As described in Scenario 2 (cf. Sect. 2), an activity within a CPS workflow may invoke an actuator’s functionality to switch on the light in a specified room and therefore influence the physical world. The actuator’s control software could report the successful execution of the operation back to the process engine. However, current “smart” objects are often not able to verify the actual real-world effect of their operations. In case of the light switch, the light bulb could be broken, which leads to an inconsistent view of the virtual world (light is on) and the physical world (light is off). Applying the MAPE-K loop for self-adaptive systems [18], Monitoring and Analysis of real-world data from sensors could be used to relate the effects of process execution to changes in physical properties and therefore detect cyber-physical inconsistencies. The Plan and Execute phases consist of finding and executing compensation actions in case of errors for continuing with the process execution as intended by the process modeler. The Knowledge aspect of the MAPE-K loop corresponds to the context of the CPS and process knowledge in terms of goals and additional properties, which is stored and accessed in an external knowledge base. Figure 8a illustrates the synchronization problem in CPS workflows.

Fig. 8
figure 8

a Synchronization of cyber and physical world. b Applying the MAPE-K loop to a process activity

5.2 Self-healing cyber-physical workflows

PROtEUS serves as a basis for implementing the MAPE-K loop for CPS workflows to detect and repair inconsistencies between the physical and cyber worlds. It contains the core components to evaluate sensor data based on predefined patterns, detect divergent real-world effects, find compensating actions and execute replacement processes or services. The explanations of the basic system architecture and modeling concepts in Sect. 4 account for the specific challenges of process execution in CPS. These concepts can be applied to implement a basic feedback loop to achieve the goal of synchronizing the virtual and the real-world states of the process instances and introduce a basic self-healing mechanism for CPS workflows. Figure 8b shows the idea of applying the MAPE-K loop to processes on an activity level using sensors and actuators in the following way:

  • Monitor: Attached to the particular process or activity, an event containing an EPL statement that defines the changes within the physical context in a certain time frame as result of the execution has to be modeled. An event listener for the EPL pattern is activated upon execution of the activity. From that point on, the CEP engine will actively listen to the event data from the sensors defined in the EPL statement.
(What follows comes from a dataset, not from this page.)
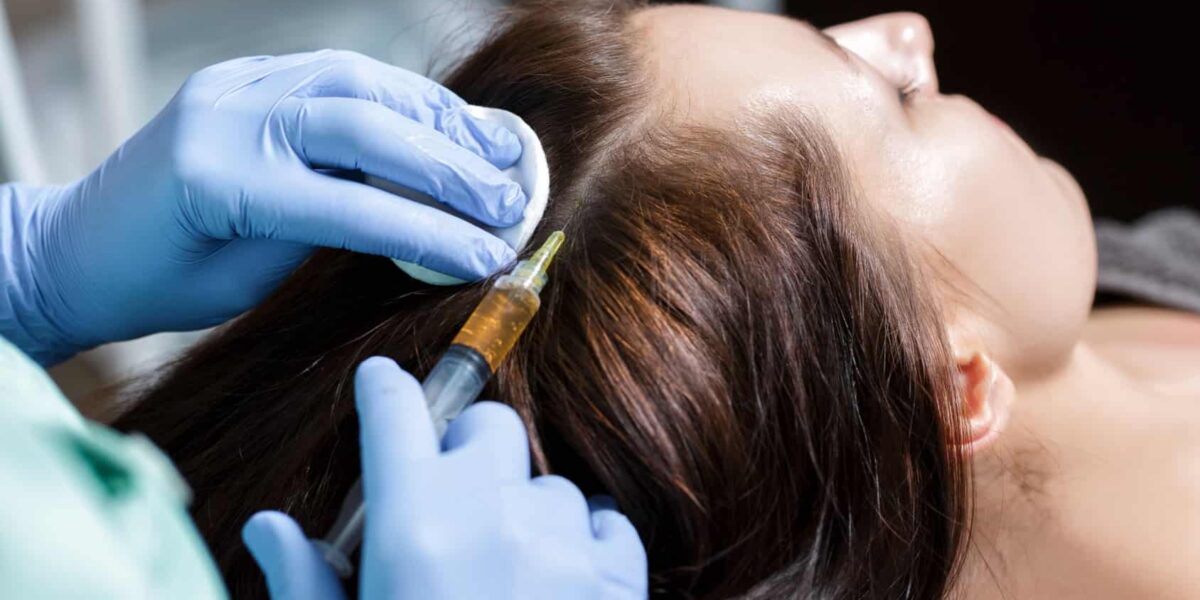 PRP Hair Treatment Dubai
  • Analyze: The CEP engine analyzes the stream of event data from all sensors that are connected to PROtEUS. If an EPL listener is active for a certain pattern, the corresponding sensor data are evaluated by the CEP engine. In case the pattern within the sensor, data are detected by the CEP engine in the defined time frame, the high-level process event is triggered, and the successful execution of the activity can be assumed. If the time period defined in the EPL statement is exceeded, an inconsistency between the virtual execution and the actual physical execution of the activity is likely to have appeared.

  • Plan: The detection of a cyber-physical inconsistency requires a compensating action to be performed to resynchronize the cyber and the physical world Petri nets. Based on the semantic meaning of the activity or process (e. g., described by its goal or intent), a semantically equivalent and compatible process or service can be searched in an external repository or via the semantic access layer, or the activity/process instance could be adapted structurally. Finding a suitable replacement or adaptation strategy is the main goal of the planning phase. However, with CPS workflows also affecting the physical world, executing rollbacks or repetitions of process steps or service calls is not always a feasible option due to their effects on the real world.
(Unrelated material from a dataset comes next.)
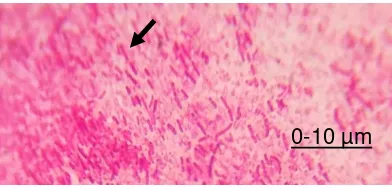 Gambar 5.1  Bakteri Salmonella sp pada pewarnaan gram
  • Execute: In the execution phase, the adapted process or the identified compensation action/service is executed by the basic PROtEUS system (i. e., via the process engine or the service invoker). This could be preceded by a simulation of the effects of the execution on the CPS. Upon execution of the adapted process or activity, the MAPE-K loop has to be repeated in order to check the successful execution of the compensation action and confirm cyber-physical consistency. As a last resort for repairing the state of a process activity in case no successful compensations are found or executed, a Human Task can be triggered to ask the user to take care of the problem. Again, this human task could be evaluated by the MAPE-K feedback loop and the process execution could continue automatically after the pattern in the sensor data is recognized.
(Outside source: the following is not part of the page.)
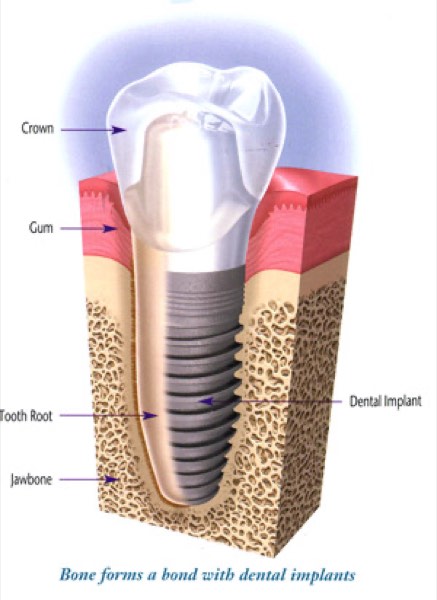 Dental implant diagram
  • Knowledge: All of the MAPE phases described before require access to context data and process-related knowledge. The EPL patterns assume a known data model for sensors and other event data in the monitoring phase and require the explicit definition of changes within the context data; the planning of compensations needs knowledge about the process’s goal and service capabilities to find and execute an alternative action. The ontological model within the SAL’s knowledge base acts as the central component for describing and finding suitable sensors and actuators from the Smart Home domain. It will be the basis of future developments with respect to automating and improving the Analyze and Plan phases.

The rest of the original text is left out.